_COLLECTED MATERIAL_.
= Beginning of Section =

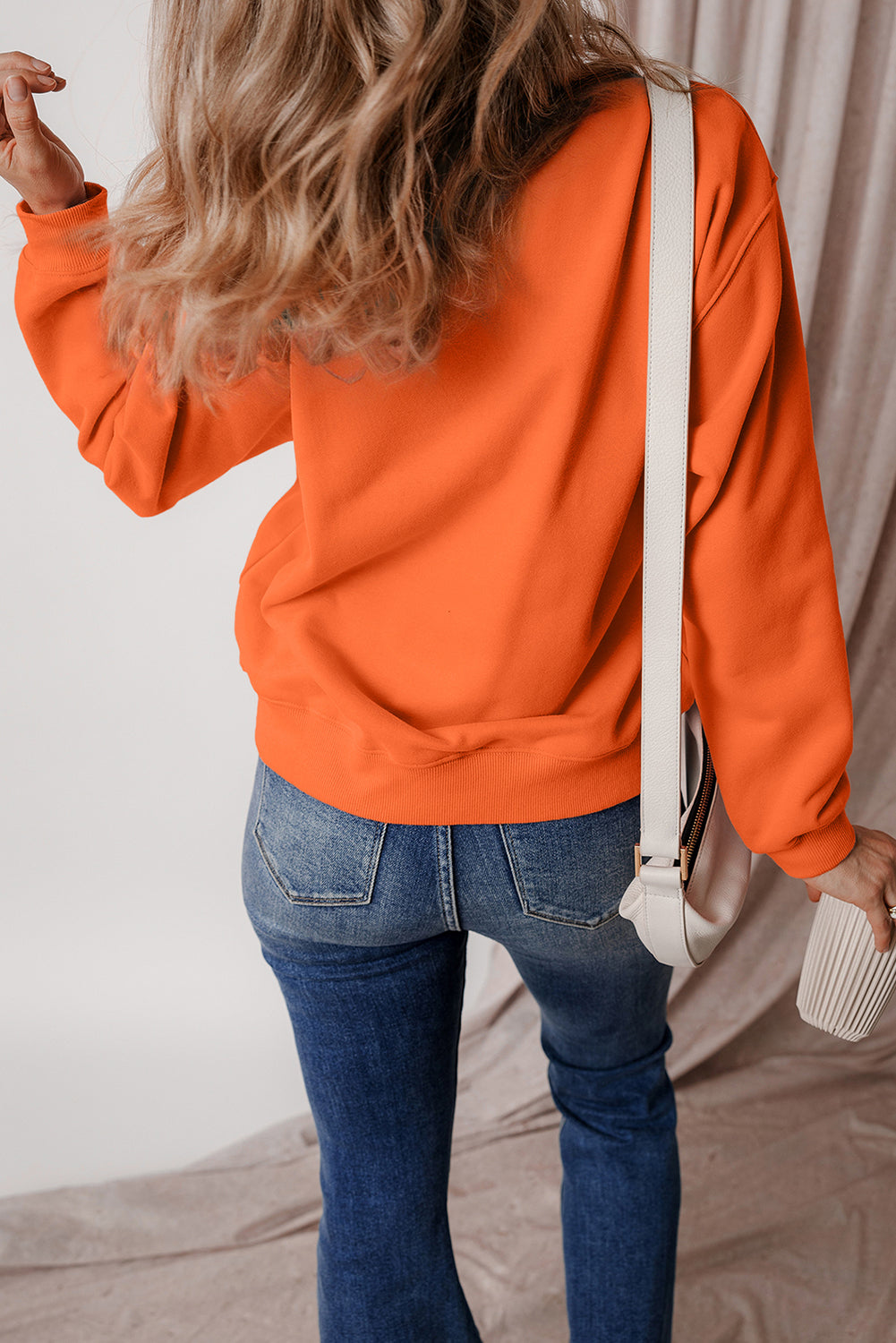 Russet Orange Glittering Pumpkin Season Graphic Drop Shoulder Pullover Sweatshirt Graphic Sweatshirts JT's Designer Fashion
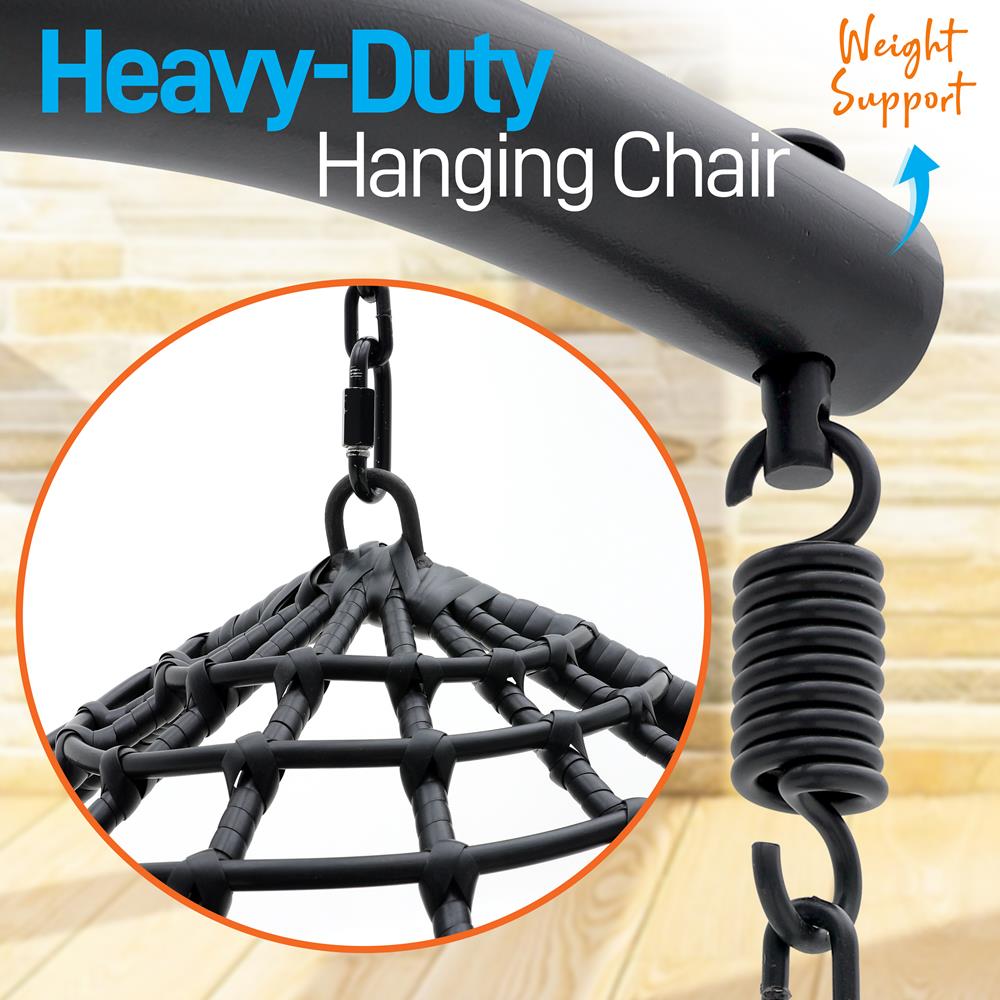 Serenelife Outdoor Swing Hängesessel Rattan grau Stahl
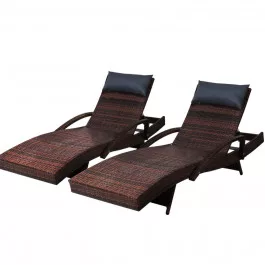 Set of 2 Sun Loungers Outdoor Brown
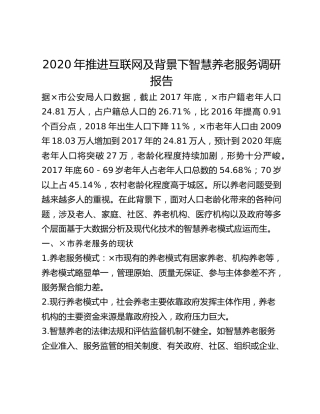 2020年推进互联网及背景下智慧养老服务调研报告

= End of Section =

_WORK ORDER_. Please reproduce nothing but the lines from the one containing "Serenelife Outdoor Swing" through the closing line of the listing, retyped word for word, pictures excluded.

_SOLUTION TO THIS EXERCISE_.
 Serenelife Outdoor Swing Hängesessel Rattan grau Stahl
 Set of 2 Sun Loungers Outdoor Brown
 2020年推进互联网及背景下智慧养老服务调研报告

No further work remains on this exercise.